No other figure in the quite recent history of theatre has been so attacked for his dreams for a new type of theatre and so misunderstood as he was.

He had been labelled as a prophet, a martyr, a cult figure, a madman and a drug addict. His ideas and theories were linked with his life and the style in which he lived.

He was completely uncompromising, in that he advised a complete termination of the traditional boundaries between the audience and the actors. He combined this with an appeal for theatre to go back to solely an experience of the senses. Artaud was responsible for the demolishment of audience-actor boundaries and the confrontational theatre during the period after the war. 




Theory and Practice


Metaphysics-
is a difficult idea to handle with out of context, although it generally may be used to express anything that doesn't have a rational explanation.

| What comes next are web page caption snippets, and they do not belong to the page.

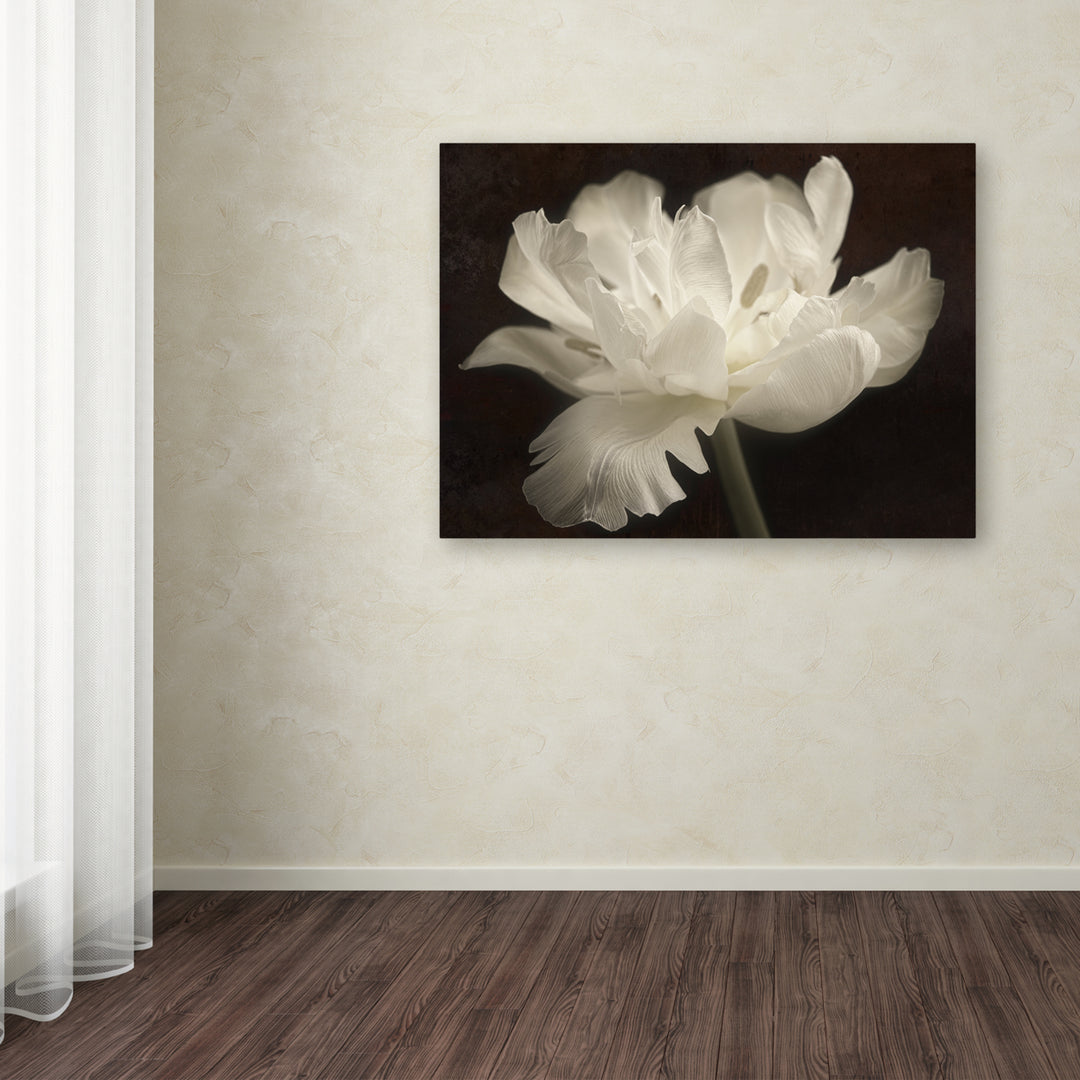 Cora Niele White Tulip II Canvas Art 18 x 24 Image 3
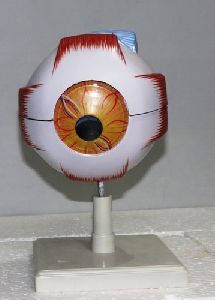 Eye Model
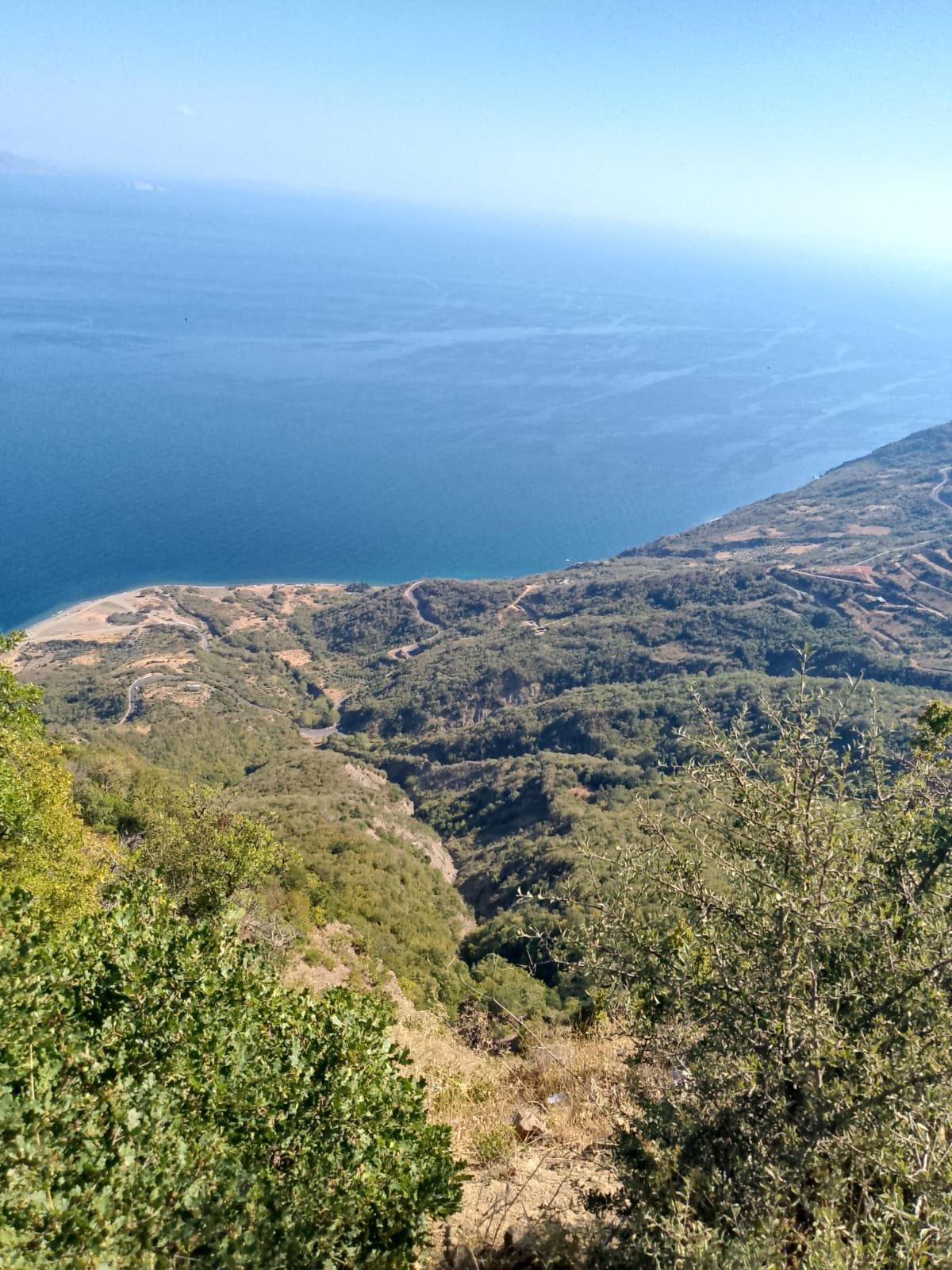 Coastal landscape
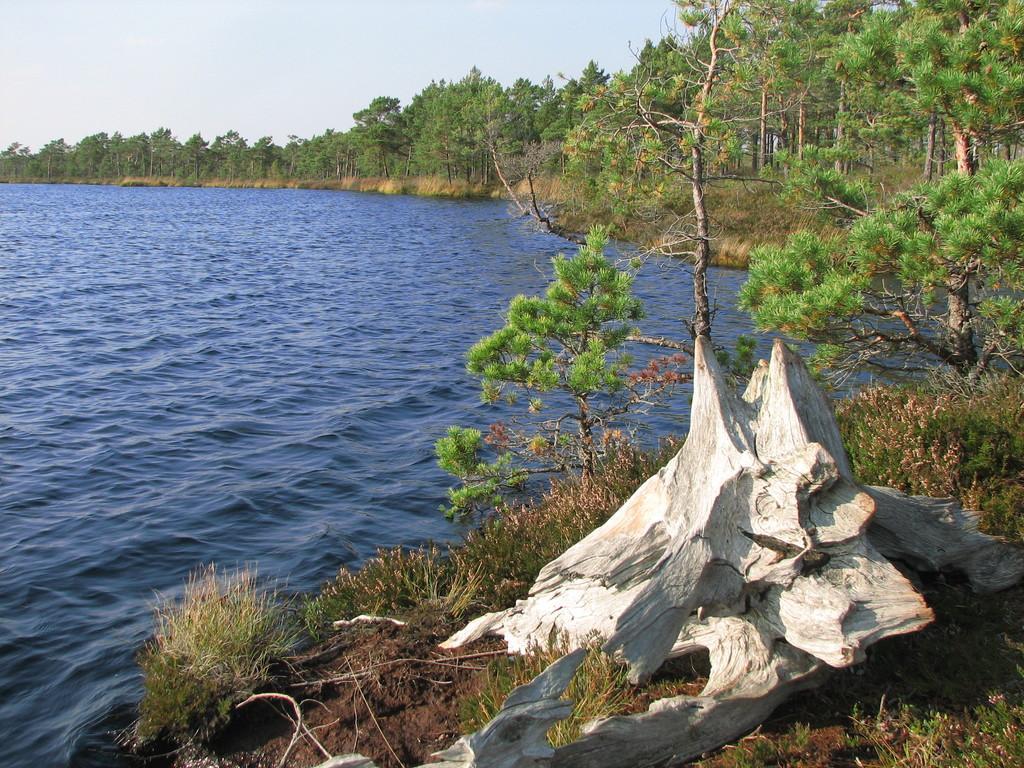 Lake Öördi nature study trail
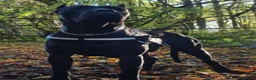 Presa Canario dogs for sale: Presa Canario Puppies ♥️ - Advert 1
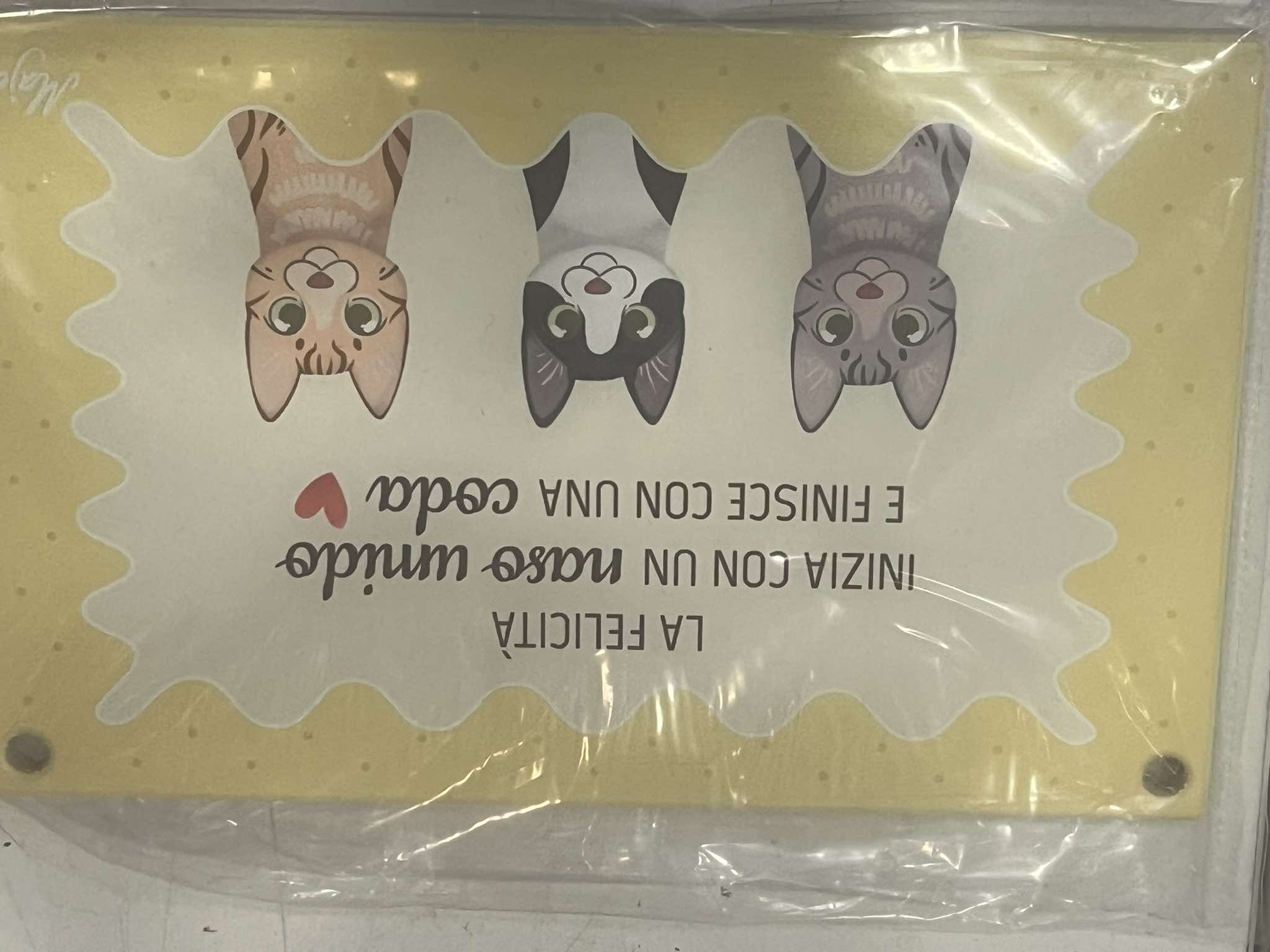 Cat-Inspired Wall Art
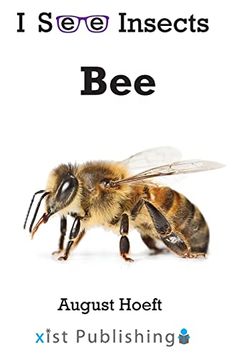 portada Bee (i see Insects) (en Inglés)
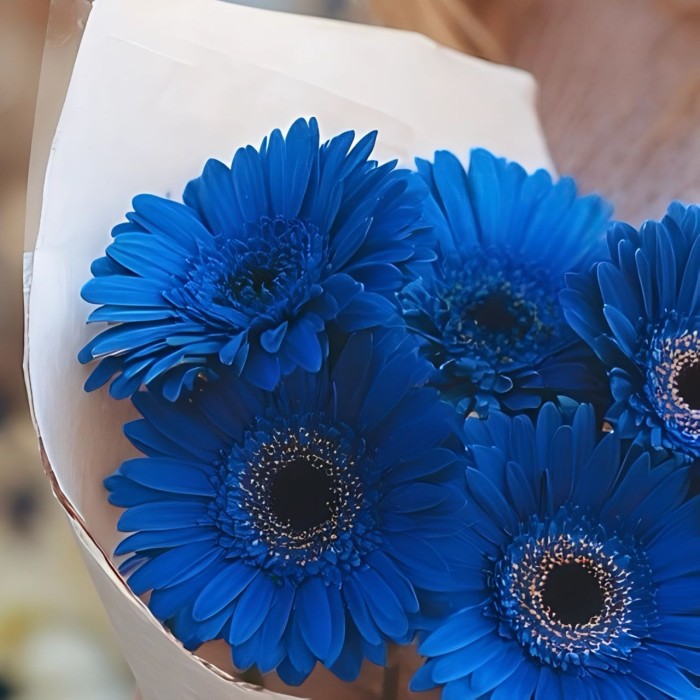 Букет 5 синих гербер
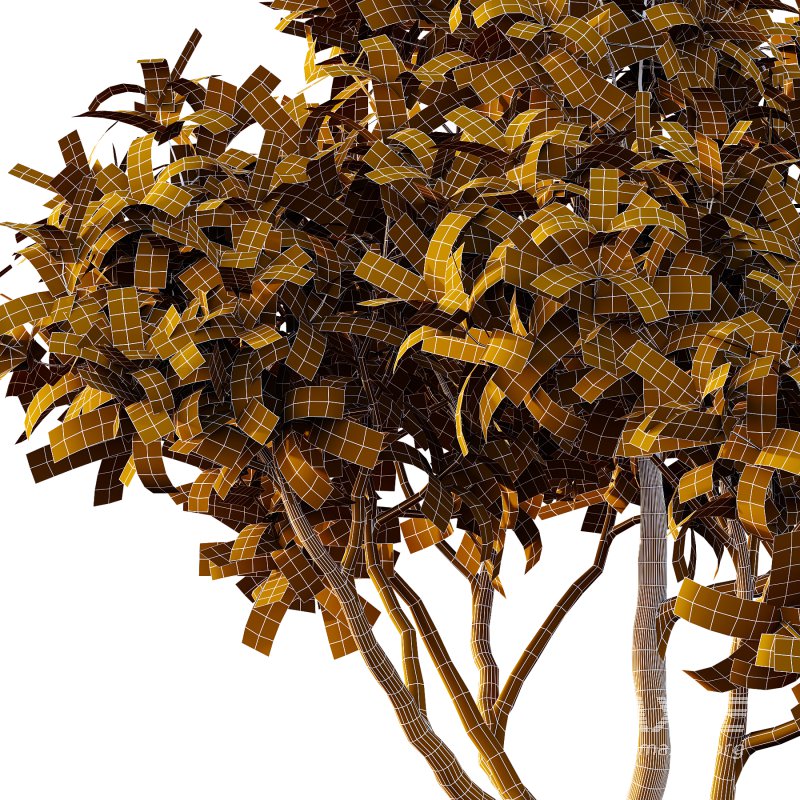 Plumeria Obtusa plant 02 - Image 4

He broke it down into a further 3 early influences, that he identified as having contributed to the creation of the Theatre of Cruelty:

    • Balinese dancers
  • used the effect of gesture and facial expression on the audience's unconscious
  • the language of 'signs' fascinated him and appealed to the audience's senses and minds, giving them the 'hunch' that something more is being communicated  
  • audience is stimulated by by gestures which formulated mental poetry, and is metaphysical 
  •  
    • Lot and His Daughters, a painting by Lucas van Leyden
  • the painting had an inherently dramatic meaning for him 

    • The Marx brothers  
  • he found the rapid juxtaposition of imagery so appealing, which could move the audience from tears to laughter 
  • he did the same through such contrasts and used puppets alongside an actor to achieve this 

The plague- 
This was the 2nd double that Artaud thought he found.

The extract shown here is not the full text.